Normally you need to buy a bunch of juvies to get a good pair bond. Not sure how much luck your going to have just throwing random mates in an already claimed territory.

Good luck.


----------



## cichlid_kid96 (Nov 22, 2010)

it is a 110 gallon. i had started out with 4 texas cichlids about 2in and my two biggest ones died about 2 months ago and my smallest one died like a week ago now the only texas i have is the 4-5in one he has seem to calm down but all my fish seem to stay higher up in the tank then usual though but from what i can see hes not being too aggressive anymore im gonna try to get like 3-4 new texas and see if one of them pair up or get along well and take the others back or one in my 55 gallon. but it seems as more of the fish are coming back down to the bottom it seems like he goes after the gt. the weird thing is he never goes after my severum anymore like he used to but thats a good thing lol. i do plan on taking the carpintis back to the lfs. does anyone know where u can get larger fish at though because if i do get some more texas cichlid females id like for them to be able to hold its own like one a little bit bigger than the male does that sound like a good idea. *** never seen any in my lfs that are bigger than my male just a few that were about the same size


----------



## RyanR (Apr 29, 2008)

You may need to grow out some other fish before purring them in with the Texas.

Do you have plenty of decor in the tank?

Unfortunately, some Texas cichlids just won't play nice.

-Ryan


----------



## Jaws (Oct 30, 2003)

If you have your heart set on breeding texas cichlids I'd start over with all new fish of the same size, like 5 to 6 of them.

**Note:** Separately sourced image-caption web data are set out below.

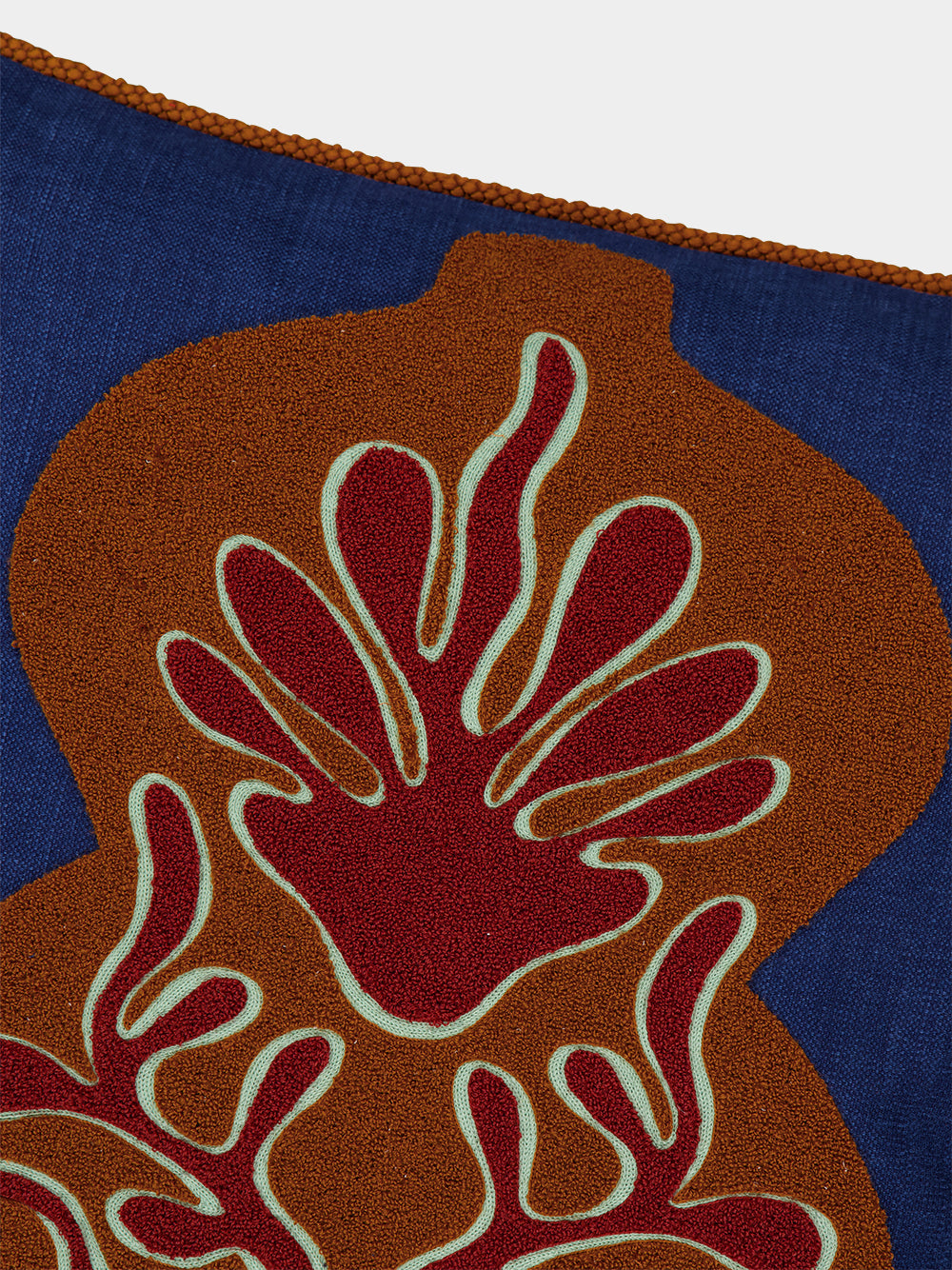 Teles Blue Cotton Linen and Chenille Embroidered Cushion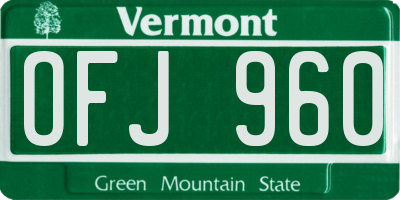 VT license plate OFJ960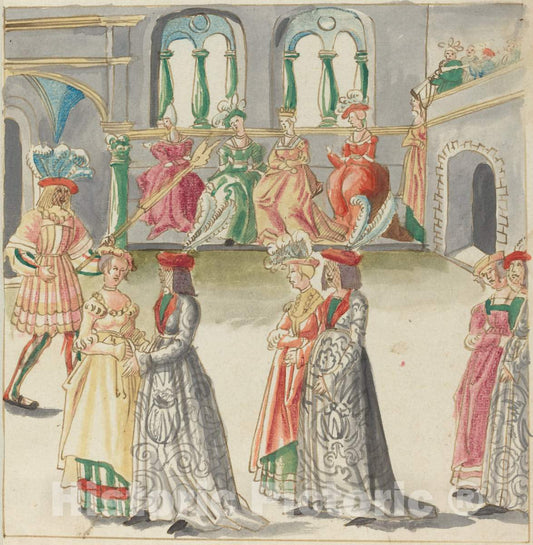 Art Print : Masquerade, c. 1515 - Vintage Wall Art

Seems like the easier way at this point. Once a dominant cichlid claims a tank for its territory its normally difficult to establish new tankmates.

Good luck, they are nice fish with great personality!


----------



## cichlid_kid96 (Nov 22, 2010)

if it comes down to it i just wont breed the texas but i was really looking forward to having fry. noone has laid eggs since *** moved them to the 110 it seems like their personalities have changed since *** moved them. thats why i sold my breeding pair of cons and jewels they never wanted to lay eggs after the move but the fish have only been in the 110 for about 1-2 months


----------



## oldcatfish (May 27, 2009)

You will likely have the same problem whether you try to add a "true Texas" cichlid, or a carpintis....they are a closely related species.


----------



## cichlid_kid96 (Nov 22, 2010)

yes i understand that but he wasnt that mean when i had all 4 but that might have been because he was younger and possibly not trying to pick a mate/territory but he does seem to have calmed down a bit maybe he was just acting weird since i introduced a new fish because when i fed him and when i turned on the lights he was with the other fish acting fine he does seem to chase the gt a lil bit though hopefully i wont have to move the gt


----------